While the push has been relentless, there is also a school of thought that India should focus on the services sector, where it has always done better. According to the World Bank, manufacturing contributed to just 14 per cent of value to India’s national income in 2021, while services contributed around 50 per cent. “India should focus on building (human) capacities, not chips,” said former RBI governor Raghuram Rajan, an ardent detractor of ‘imitating China’s path’, in an interview a few weeks ago. “We should focus on what our strengths are.”
But with the might of the establishment behind it, Indian manufacturing might have a chance this time around. Registration of manufacturing companies has been at its highest levels in the past few years, according to a report by Emkay Investment Managers. It says this has the potential to add 4 per cent to the GDP. “After a long hiatus, manufacturing companies are likely to be the wealth creators, leaders of the next rally in the markets,” said Vikaas M. Sachdeva, CEO of Emkay.

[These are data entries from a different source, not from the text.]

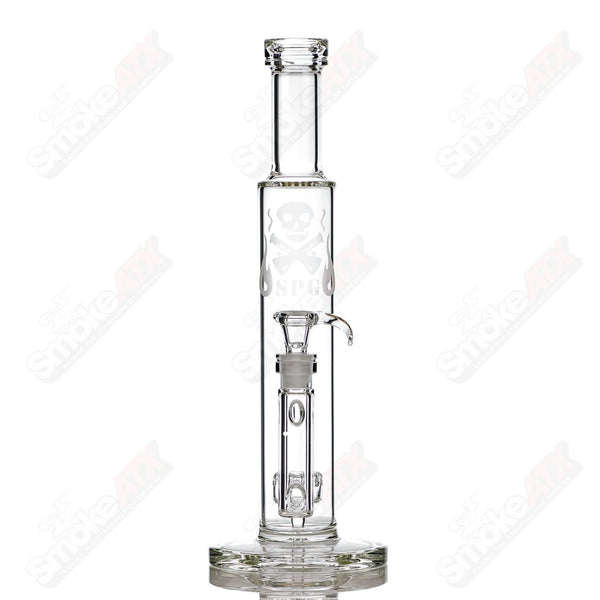 12in Clear Puck Perc Tube SPG - Smoke ATX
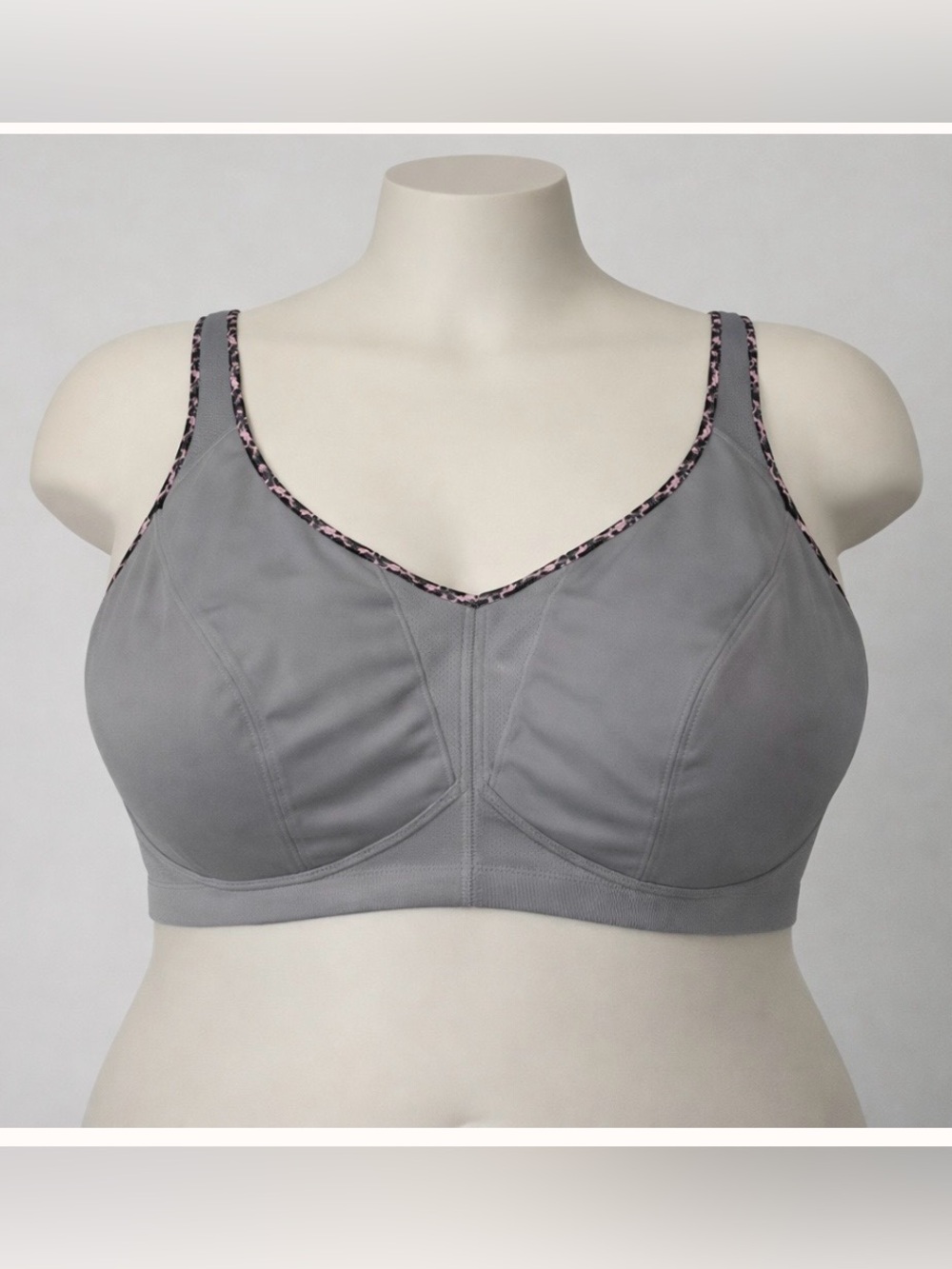 Glamorise 46H Sports Bra Gray Full Figure No Bounce Camisole Wireless 1066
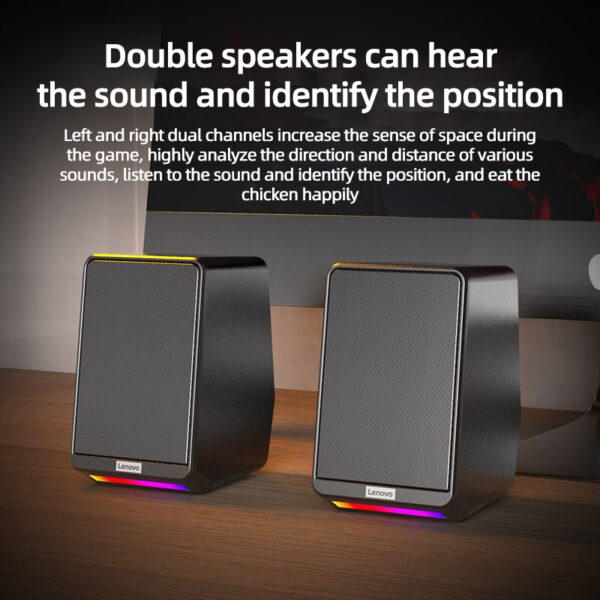 Lenovo Portable Wireless Rgb Light Bluetooth Desktop Speaker Subwoofer Blootooth Usb Hifi Bass Sound Mini Box Blutooth Speakers - Image 4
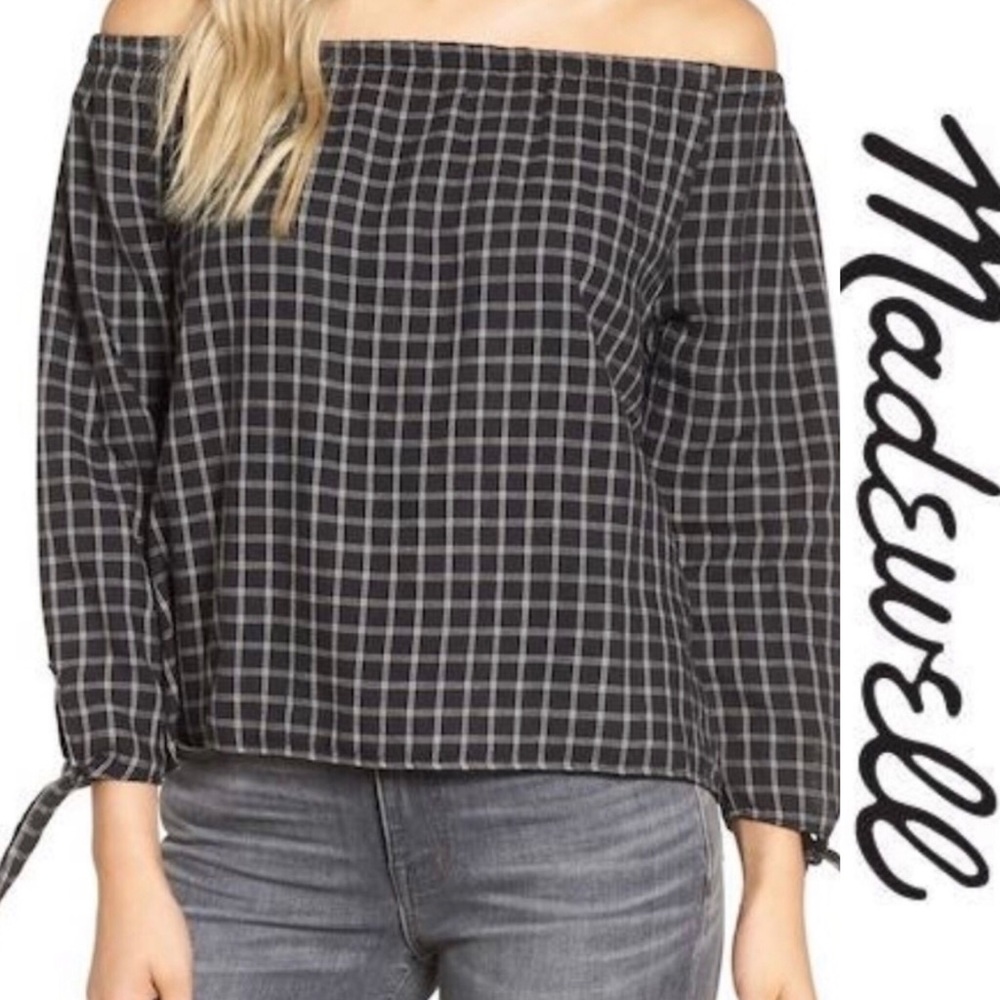 Madewell black & white check top size small 009 - Picture 2 of 5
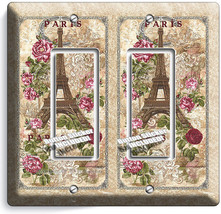Paris Eiffel Tower Rose Retro Post Card 2 Gang Gfi Light Switch Wall Plate Decor - £10.34 GBP
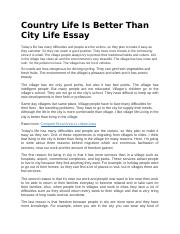 farm life vs city life essay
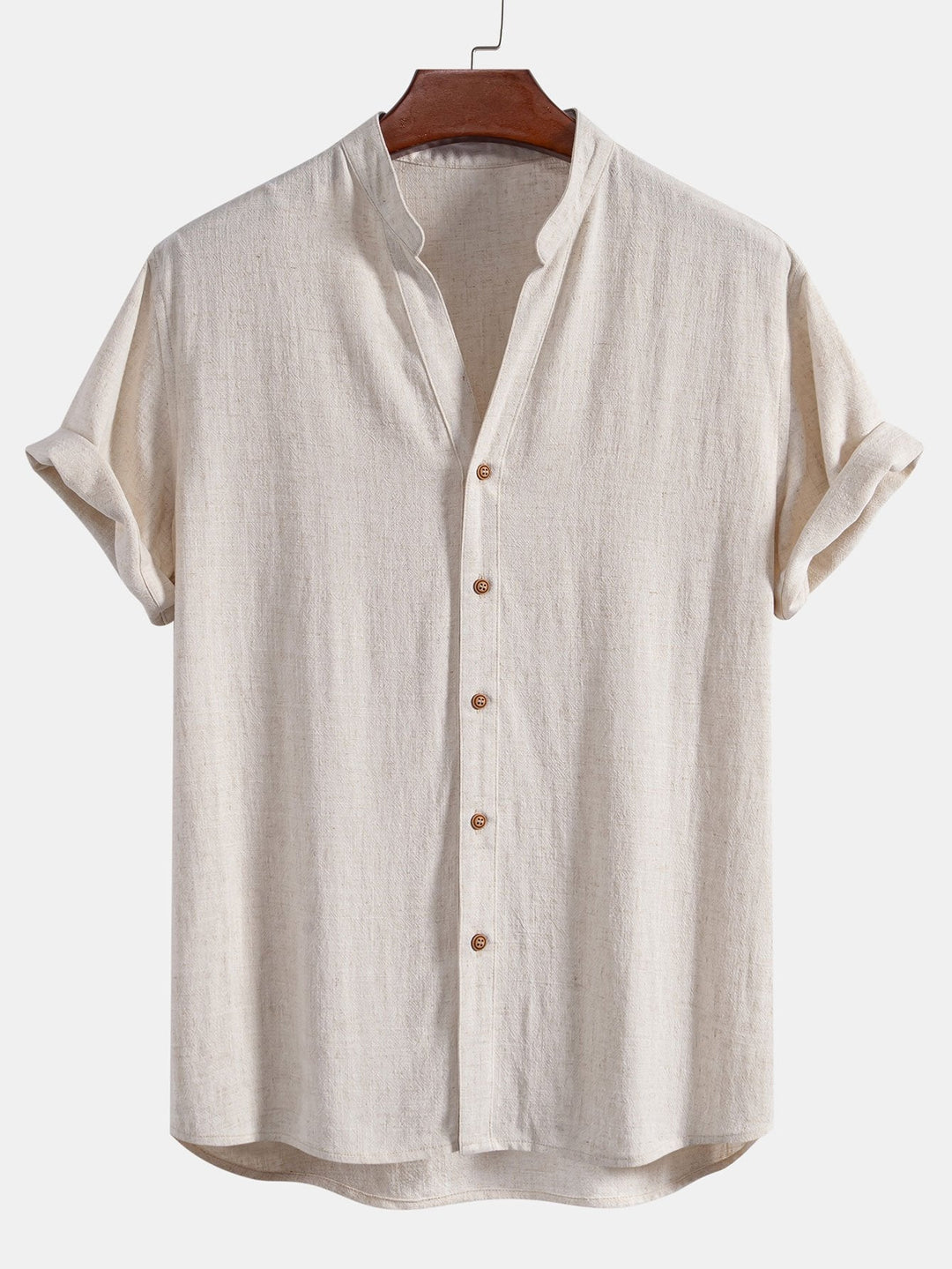 Tommy | Linen and Rayon V-Neck Short Sleeve Shirt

The PLI scheme now covers 14 sectors, with an outlay of Rs2.4 lakh crore in incentives over the next five years, and it has already roped in big names. Those signing up for setting up production plants for anything from air conditioners to solar panels and semiconductors include the likes of Samsung, LG, Vedanta, Adani, Jindal and Bluestar. Apple is estimated to make iPhones worth Rs47,000 crore in India through its vendors, creating 30,000 jobs.
The pandemic was the plot twister in this script. Many sectors restructured their sourcing and manufacturing footprints to “capitalise on India’s advantages in raw materials, talents and entrepreneurship,” according to Arjun Bajaj, CEO & founder, Daiwa, and director, Videotex. “If we can specialise and build internationally competitive manufacturing centres, it offers India the most important chance to boost economic growth and job creation this decade.” This script could well have a happier ending.